The foreclosure crisis in Rust Belt cities like Buffalo and Cleveland is unfortunate. It's bad for any community to have an increasing number of run-down and/or abandoned homes in communities that were into a terminal downhill slide well before anyone heard of subprime loans. Lenders share in some portion of the "blame" for the situation, the extent of that blame being arguable and depending upon where your self-interest is situated. However, the use of hallucinogenic drugs and a trip through the looking glass in order to make an owner out of a lien holder, simply by adopting the Humpty Dumpty line of "when I use a word, it means what I say it means," is perhaps not the best way to "make things right." The use of such tactics evidences a disdain for the law, not a respect for it, no matter how much "public good" you think you're achieving. To paraphrase Thomas More in Robert Bolt's play "A Man For All Seasons," once you've flattened all the laws in pursuit of the devil, to what will you turn for protection when the devil turns round on you? From a practical standpoint, unless the bullying works and the lenders cave without a fight, then unless you're in the jurisdiction of the US Ninth Circuit Court of Appeals, you'll eventually hit an appeals court without a political ax to grind, which will then spank your little bottom for being a bad, bad girl (and it won't be the kind of spanking that "bad girls" sometimes enjoy).

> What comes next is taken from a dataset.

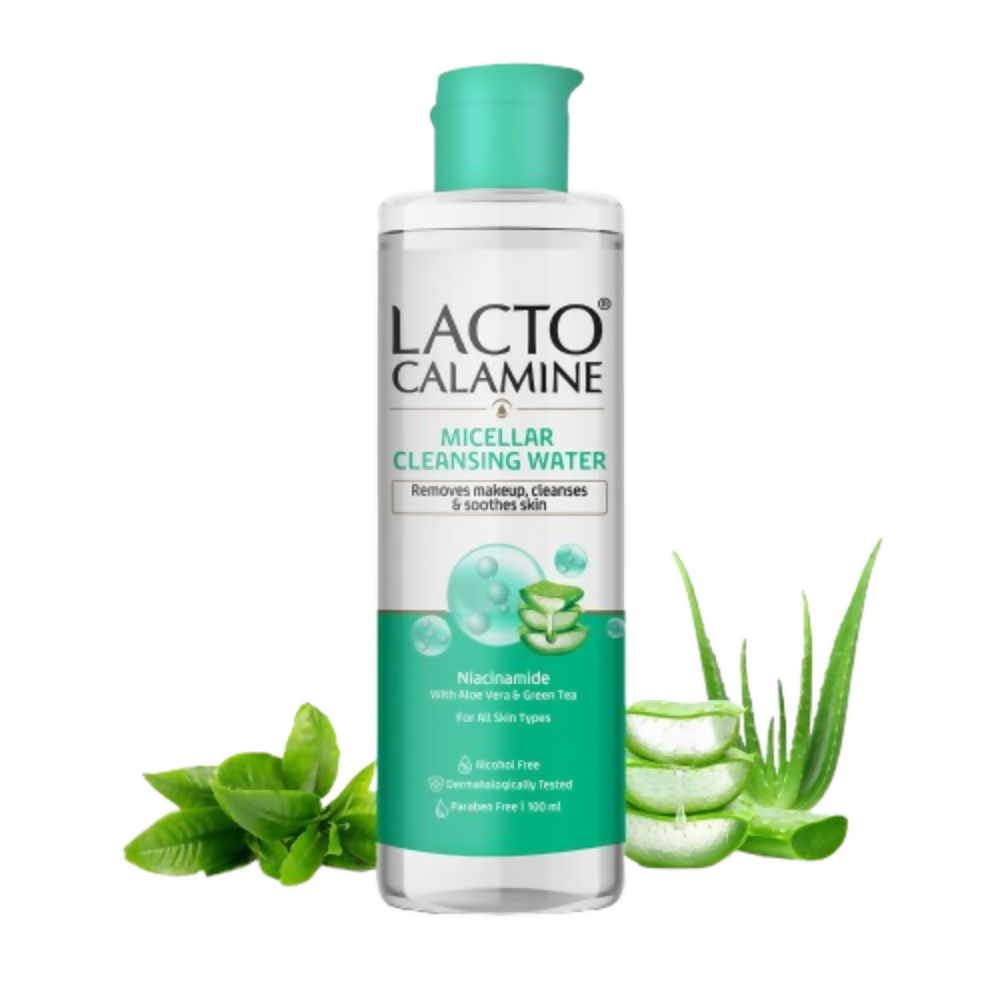 Lacto Calamine micellar cleansing water bottle with aloe vera leaves on a white background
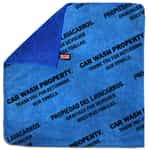 bilingual blue towel with car wash property printed text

This is an area where the legislature might want to intervene and pass some more incredibly useful legislation like the recent expansive subprime lending law signed into law by New York's Governor Patterson, which has already prodded Fannie Mae and Freddie Mac to announce that they'll cease purchasing any such loans made in New York. You know, more useful legislation like that. At any rate, the political arena seems a more appropriate one than the courtroom.
A more viable solution might be to have cities like Buffalo and Cleveland admit that they're irreparably broken, shut down, and encourage their inhabitants to move to Texas. All except the Ms. Cooper and her crusading buddies. They can resettle in South Ossetia. They won't like it much in Texas, although they might find safe haven in certain sections of Austin.
I'm not aware of what sanctions might be available to the lenders in this case. A private party would have to carefully consider a frivolous and groundless counterclaim before filing a complaint that held such little merit. Apparently, that prospect didn't deter legal counsel for the City of Buffalo. Then again, the fun's just beginning, so we'll see where this all shakes out.
Next up: Cindy Cooper creates, and the City of Buffalo files, a complaint in The International Court of Justice, that accuses all major US banks of ethnic cleansing.